As for Cameron, Avatar marks a very interesting evolution. In fact, Avatar plays as the inverse of Aliens, as well as serves as his damning comment on the Iraq and Afghanistan Wars and Western civilization as a whole. While the spoken references are fairly obvious there are also some no less unsubtle visual cues from Vietnam to Native American cultures. The female Na'vi even ululate when going into battle. Some other clues abound--the Colonel mentions he is a veteran of campaigns in Venezuela and Nigeria, which points to continual 21st and 22nd century resource wars that eventually wreck the planet.
And it's true that Jake Sully represents and relates to the average boy gamer/grunt who the US Army today wants to enlist as their future soldiers. The technical wizardry of the film is for this demographic, but the storyline intends to lead them away from their technological terror to embracing an indigenous/treehugger perspective. Hokey and cliched as it might seem at first, I think Cameron's intention is to subvert this very militaristic segment of the population and invert they way they see their world. I think there is strong evidence for this intent other than serving as a lame explanation for why Avatar's plot is so contrived. Rather than catering to the more sophisticated crowd which could probably take offense as the unsubtle script, it is the former group that needs the most enlightening before they march off to another colonial war.
This is a pretty startling analysis, but the comparison to Verhoeven's films is worth considering, as is the observation about the military's role in movies that make substantial use of military hardware. The military forces in Avatar sure look a lot like modern day American soldiers, but is that who they are? What government do they represent? Are they even soldiers, or are they hired mercenaries? One doesn't see the U.S. Army "getting its ass handed to them" in many films, and there is plenty of ass-handing in Avatar that could easily be read as an anti-Imperialist revenge fantasy.
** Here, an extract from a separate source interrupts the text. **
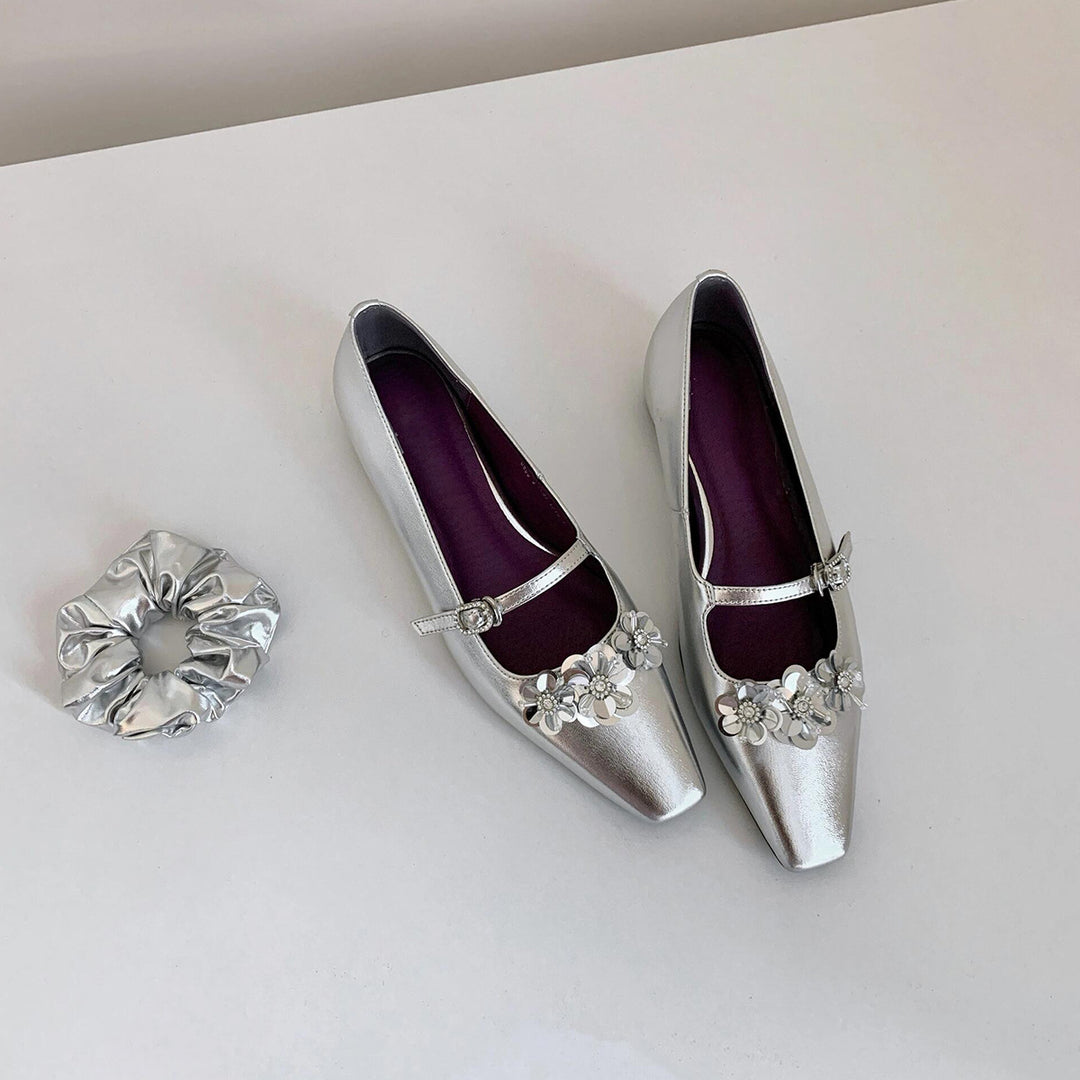 Damen Ballerinas mit floralen Applikationen und glanzvoller Oberfläche R&B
(And perhaps that explains the almost comical swagger and pronounced headlessness of the AMP suits worn by the soldiers?)
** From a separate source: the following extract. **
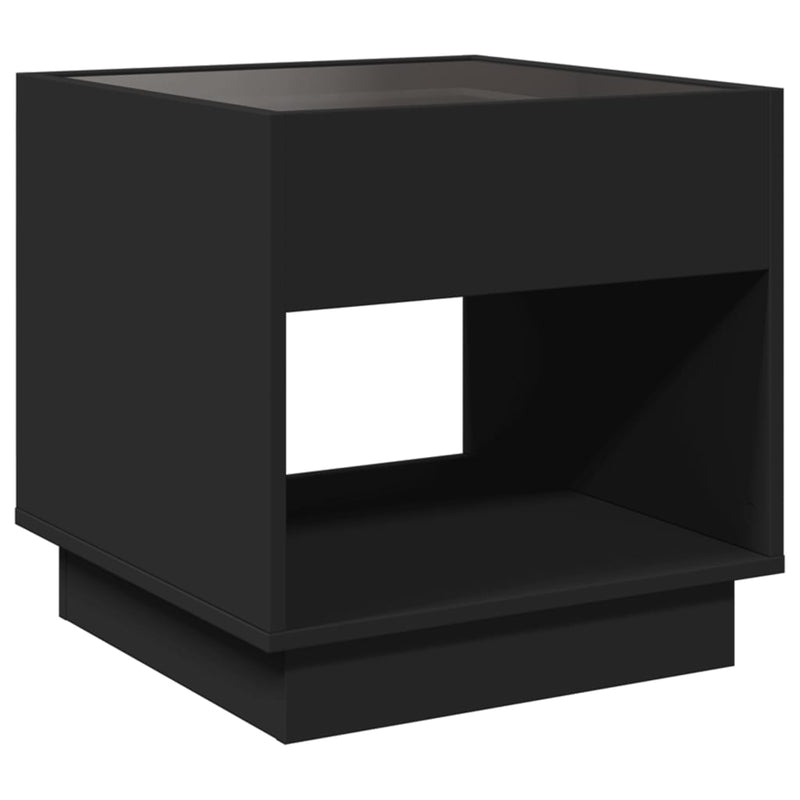 Couchtisch mit Infinity-LED Schwarz 50x50x50 cm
Hardly the tarted-up dose of the usual corporatism that some have decried in the movie. Who is, finally, the movie's intended rhetorical (not commercial) audience? Is it young men (and women) like Jake Sully and Trudy Chacon, the rebellious pilot?

Interesting things to speculate about. For all its flaws, I think the movie complicates the genre rather than being easy to classify, and I'm excited by its more progressive critical readings, like the ones suggested by ceti. But when all's said and done, I'm a Cartesian modernist at heart, and so I'm in love with the visual feast that is Avatar--the forest, the Roger Dean-esque Hallelujah Mountains, the delightful bestiary, and of course, the hardbodied runway-thin Na'vi, whose size and strength are an almost perfect match for the way de Soto et al, et seq described the Apalachee.

But maybe it wasn't written for me.

1 comment:

Solari said...

Yeah. I just liked the movie for the ability of the film to "suck in" the audience (meaning me). The rest is so much ululating. What I really want is to don wings and ride the air currents of Tycho Under.